Task directions>
Each record that follows should be repeated exactly, with no pictures carried over.
--------------------
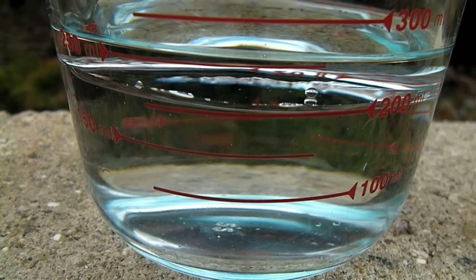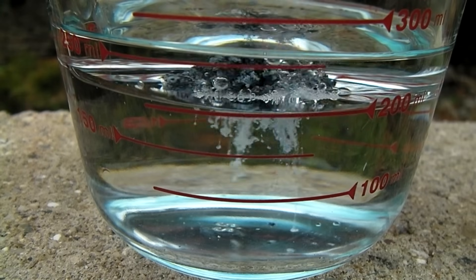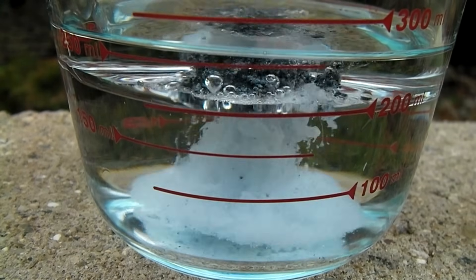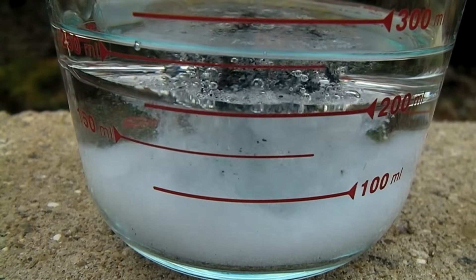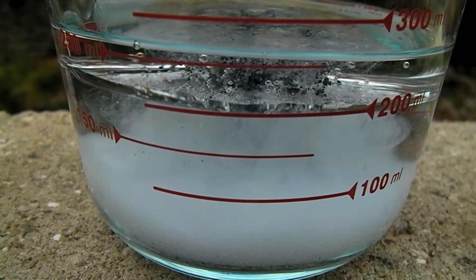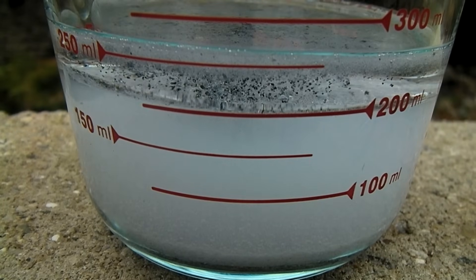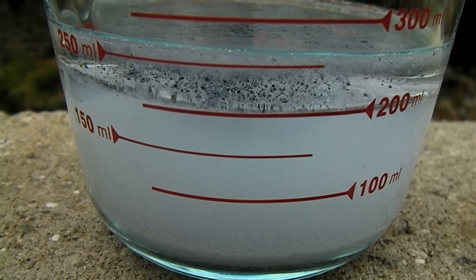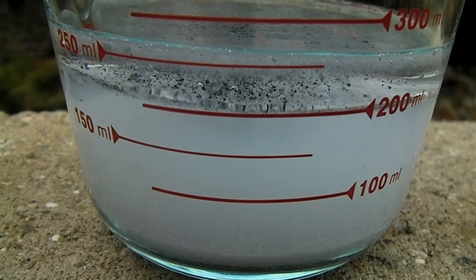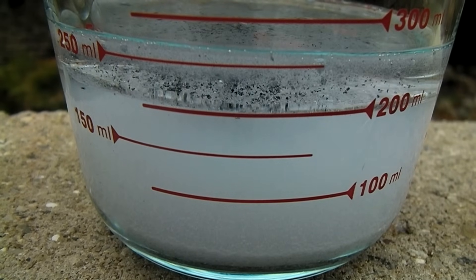Pieces of the slag can now be dropped into this mixture. The sodium reacts with the water, which frees it from the slag. The sodium then floats to the top and gets coated in mineral oil, ready to be collected with a pair of tweezers.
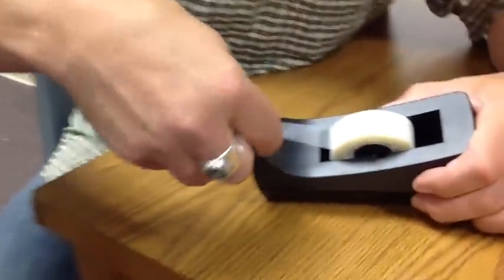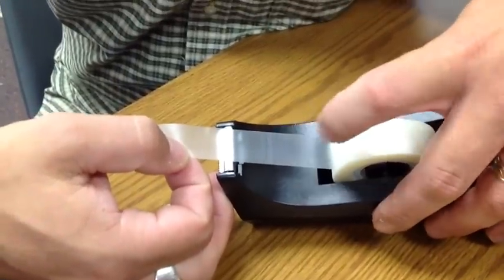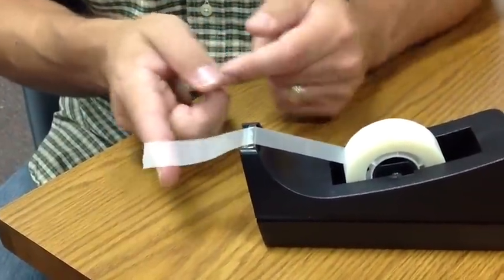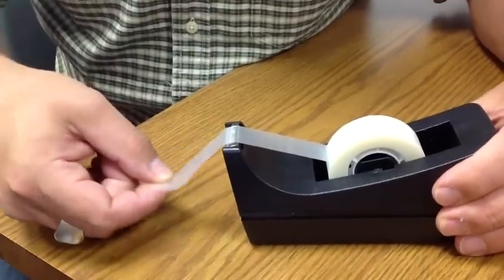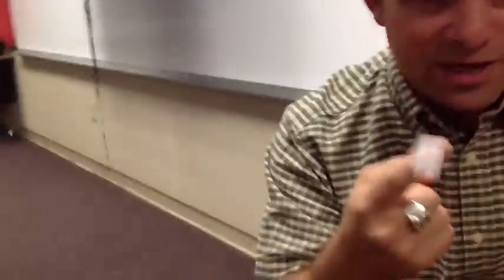Now here's what we're gonna do — zoom in here on this tape. As I pull my tape off, you guys will notice that there is a line right there where the tape was touching the roll. That's where you're going to go to, because now I've got three inches of tape. Hold the tape dispenser with one hand, hold the tape with the other, and rip diagonally. That's all it takes — and there you go, three inches of tape.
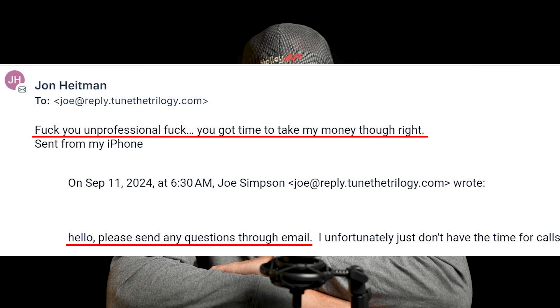Sometimes people are even nice enough to thank me for my efforts by sending me really nice emails like this one, when I offer to help them for free through email instead of a phone call. Keep it classy, Mississippi.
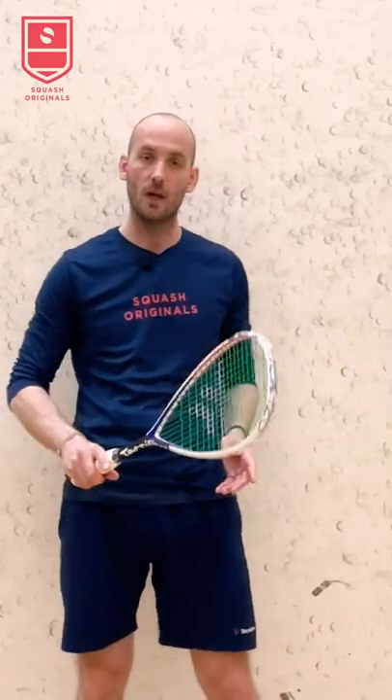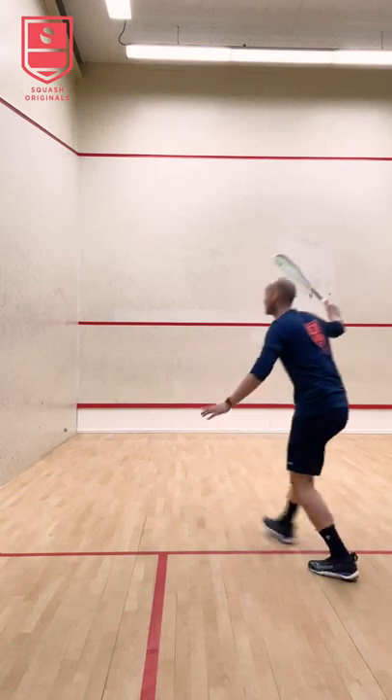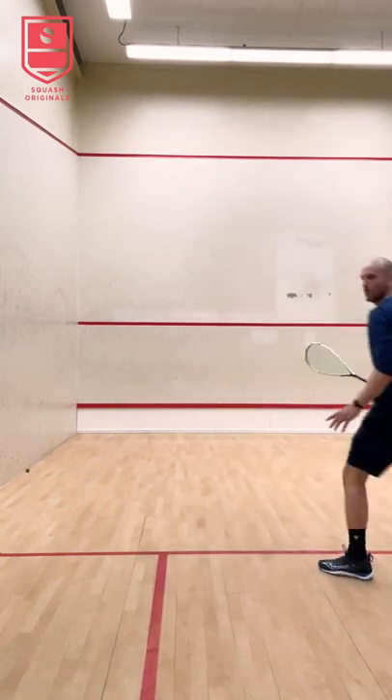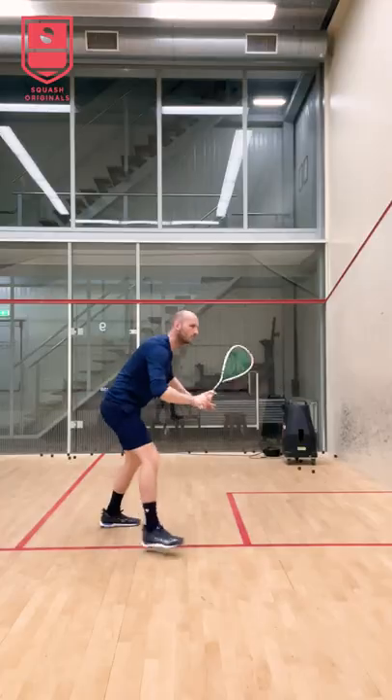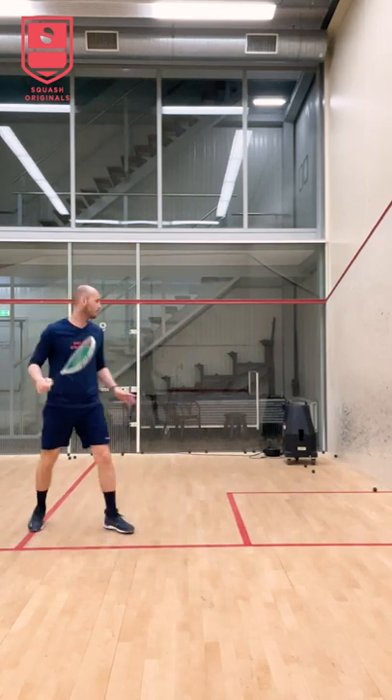In addition to the back and volley drop video, a good way to practice it is to first try to absorb it, catch it, and then guide it in without letting it bounce. Once you get the hang of that, just immediately try and guide it in, getting a feeling of the forearm and the hand.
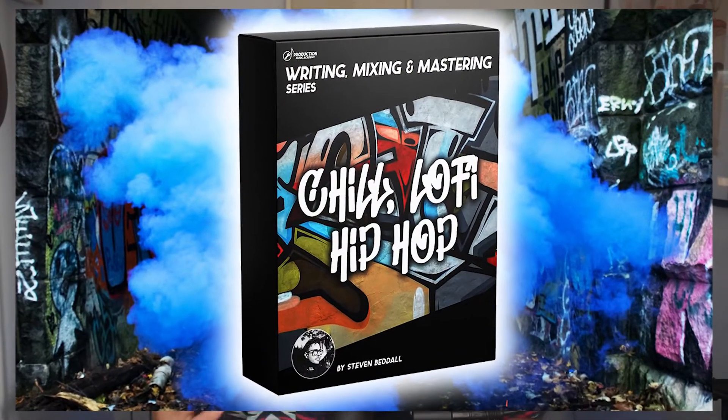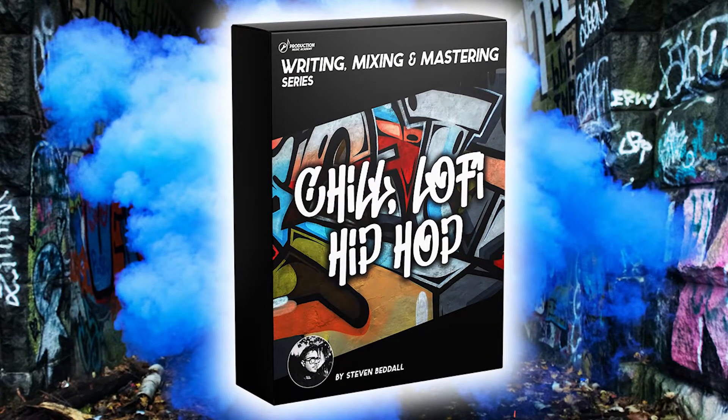I'm so excited to finally put this one out there. My latest course is now officially live — this one is all about writing, mixing, and mastering chill lo-fi hip-hop. I've been working on this one for a while now, and I just want to say a huge thank you for all the wonderful feedback you guys gave me on the last two courses. I took that into consideration.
--------------------
Answer space>
Pieces of the slag can now be dropped into this mixture. The sodium reacts with the water, which frees it from the slag. The sodium then floats to the top and gets coated in mineral oil, ready to be collected with a pair of tweezers.
Now here's what we're gonna do — zoom in here on this tape. As I pull my tape off, you guys will notice that there is a line right there where the tape was touching the roll. That's where you're going to go to, because now I've got three inches of tape. Hold the tape dispenser with one hand, hold the tape with the other, and rip diagonally. That's all it takes — and there you go, three inches of tape.
Sometimes people are even nice enough to thank me for my efforts by sending me really nice emails like this one, when I offer to help them for free through email instead of a phone call. Keep it classy, Mississippi.
In addition to the back and volley drop video, a good way to practice it is to first try to absorb it, catch it, and then guide it in without letting it bounce. Once you get the hang of that, just immediately try and guide it in, getting a feeling of the forearm and the hand.
I'm so excited to finally put this one out there. My latest course is now officially live — this one is all about writing, mixing, and mastering chill lo-fi hip-hop. I've been working on this one for a while now, and I just want to say a huge thank you for all the wonderful feedback you guys gave me on the last two courses. I took that into consideration.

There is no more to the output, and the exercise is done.